Brief descriptive captions:
*** Block opens ***
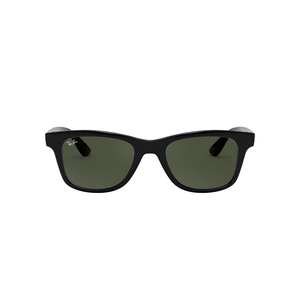 ÓCULOS DE SOL RAY-BAN 4640L 601/31 50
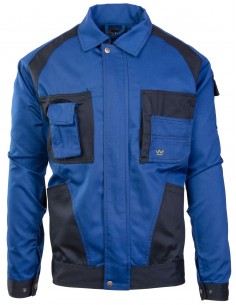 Bluza Seven Kings Saphir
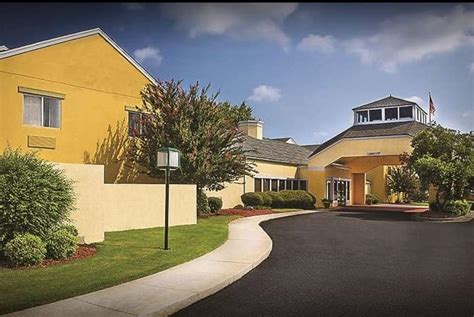 Baymont by Wyndham Norcross Atlanta | Norcross, GA Hotels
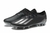 Imagem do Adidas X Speedportal .1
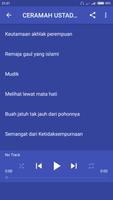 Kumpulan Ceramah Offline UJE 1-poster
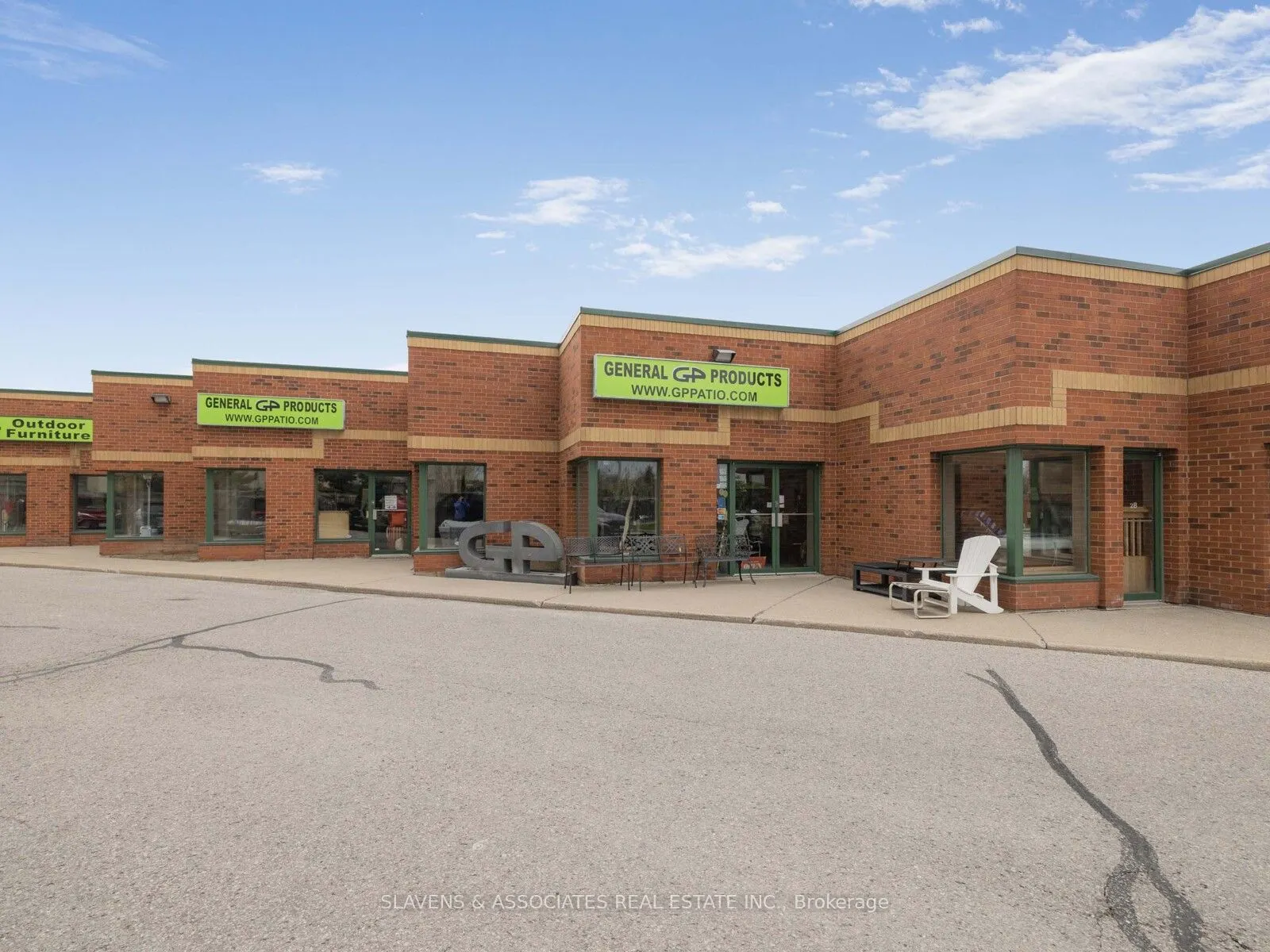 160 East Beaver Creek Road, #25-28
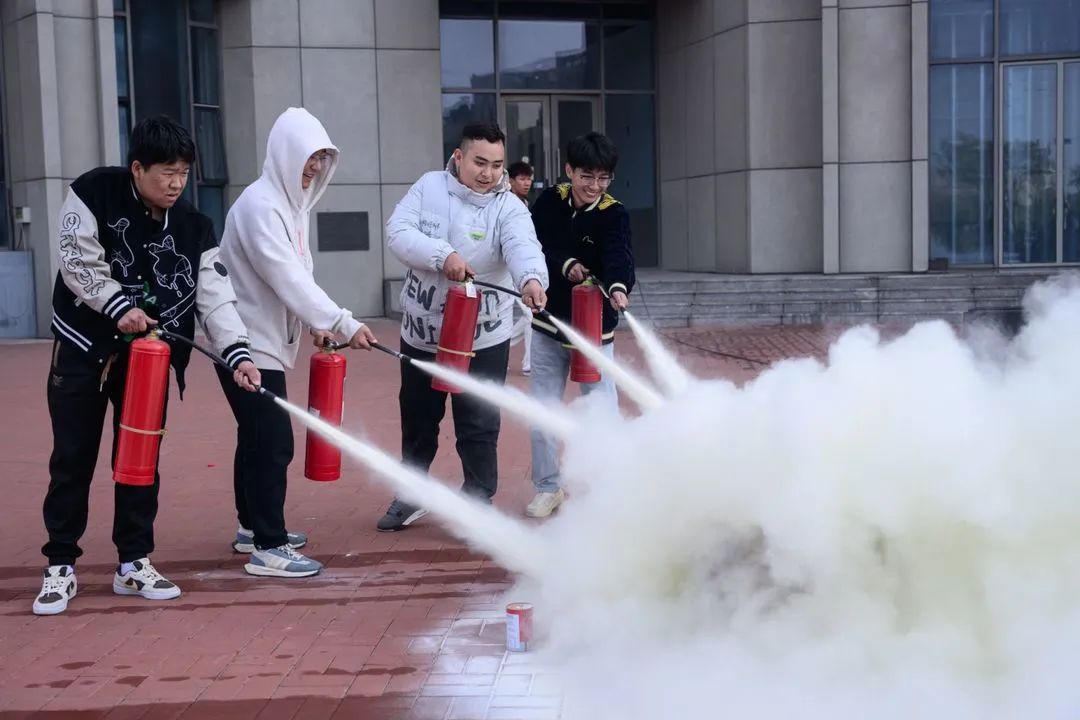 bbin视讯真人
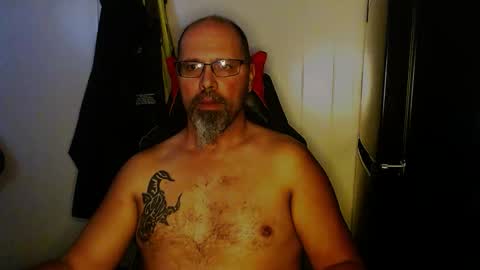 Snapshot of 2krazylegz chatting on December 7, 5:20 pm 2krazylegz online show from December 7, 5:20 pm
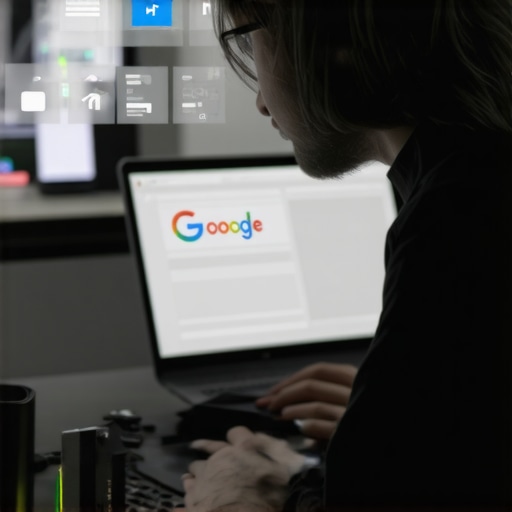 How to Troubleshoot a Vanishing Google Business Profile Without Waiting Weeks for Support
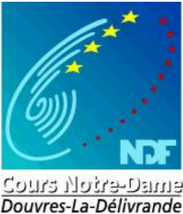 section scolaire comité départemental calvados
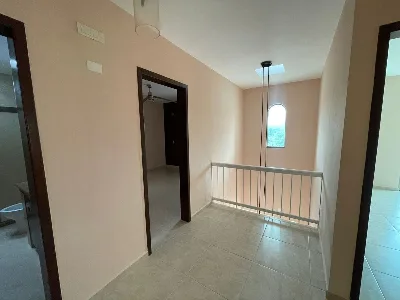 Casa en Venta de 4 Recámaras con Alberca en Privada | Benito Juárez — foto 15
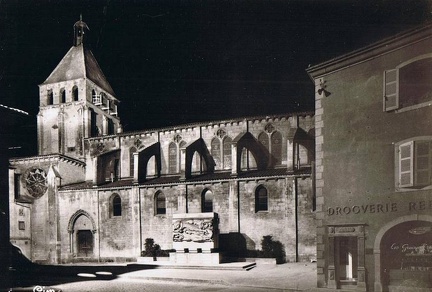 cpa-cluny-0236
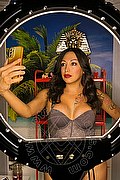 Alessandria Trans Desirre 392 28 32 689 foto selfie 4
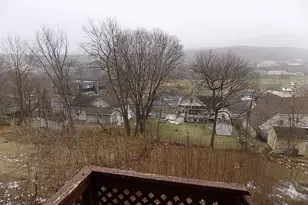 286 Walnut St, North Adams, MA 01247 - Photo 22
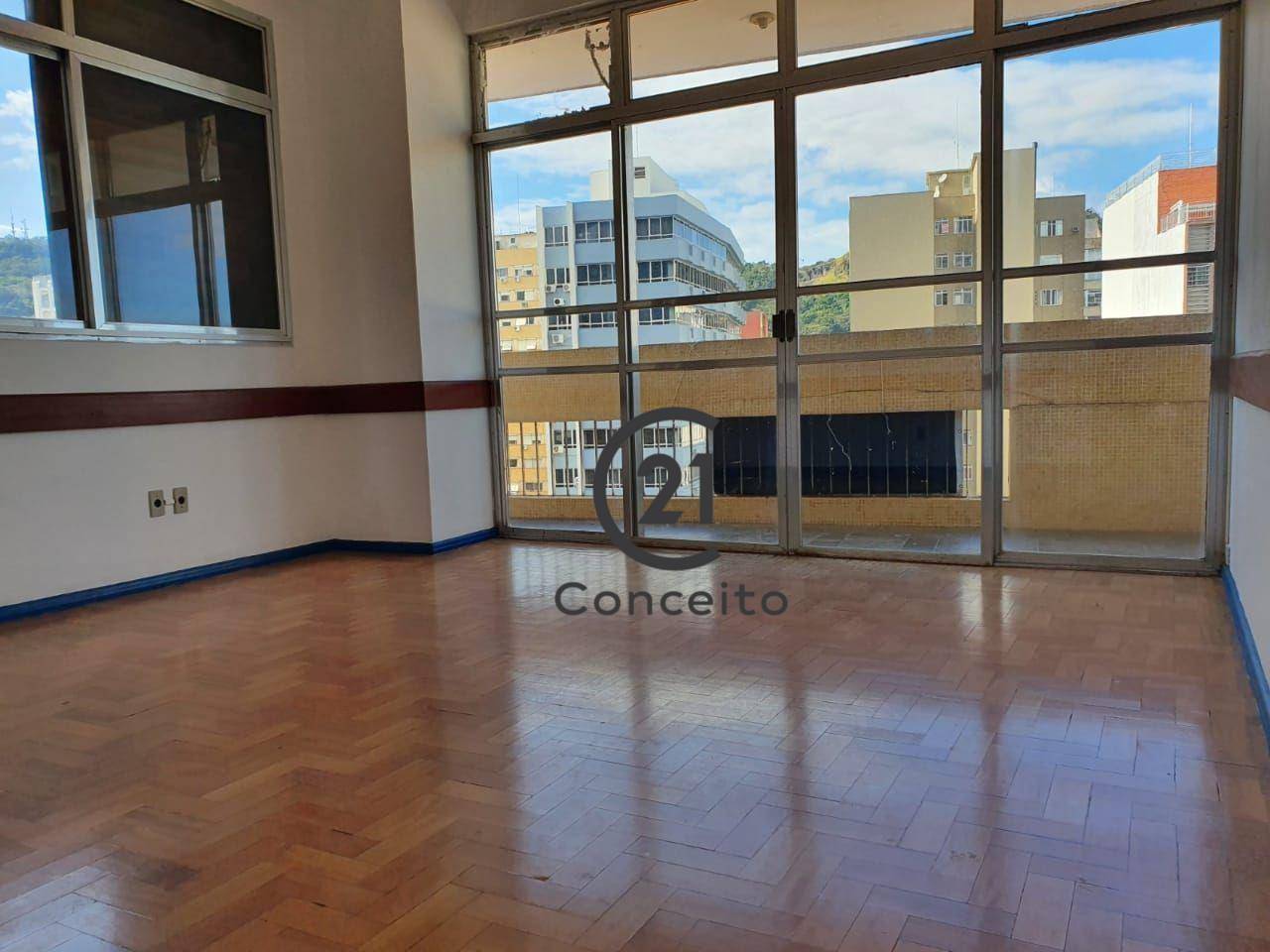 Prédio Inteiro, 210 m² - Foto 1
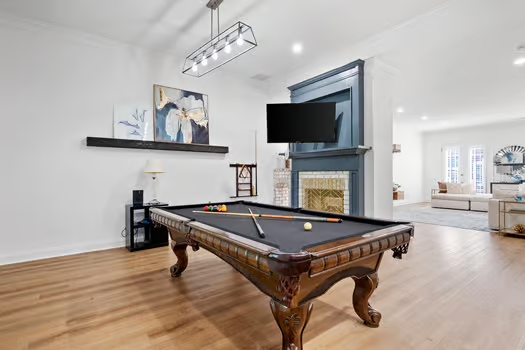 large-48bd8ea6-5d93-42e5-81ec-afa042f98c4c (1).png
*** Block closes ***
* **Your assignment**
From the line with "Imagem do Adidas X Speedportal .1" to the final line of the entries above, reproduce each line exactly and nothing else; the pictures stay out.

* **Exercise answer**
 Imagem do Adidas X Speedportal .1
 Kumpulan Ceramah Offline UJE 1-poster
 160 East Beaver Creek Road, #25-28
 bbin视讯真人
 Snapshot of 2krazylegz chatting on December 7, 5:20 pm 2krazylegz online show from December 7, 5:20 pm
 How to Troubleshoot a Vanishing Google Business Profile Without Waiting Weeks for Support
 section scolaire comité départemental calvados
 Casa en Venta de 4 Recámaras con Alberca en Privada | Benito Juárez — foto 15
 cpa-cluny-0236
 Alessandria Trans Desirre 392 28 32 689 foto selfie 4
 286 Walnut St, North Adams, MA 01247 - Photo 22
 Prédio Inteiro, 210 m² - Foto 1
 large-48bd8ea6-5d93-42e5-81ec-afa042f98c4c (1).png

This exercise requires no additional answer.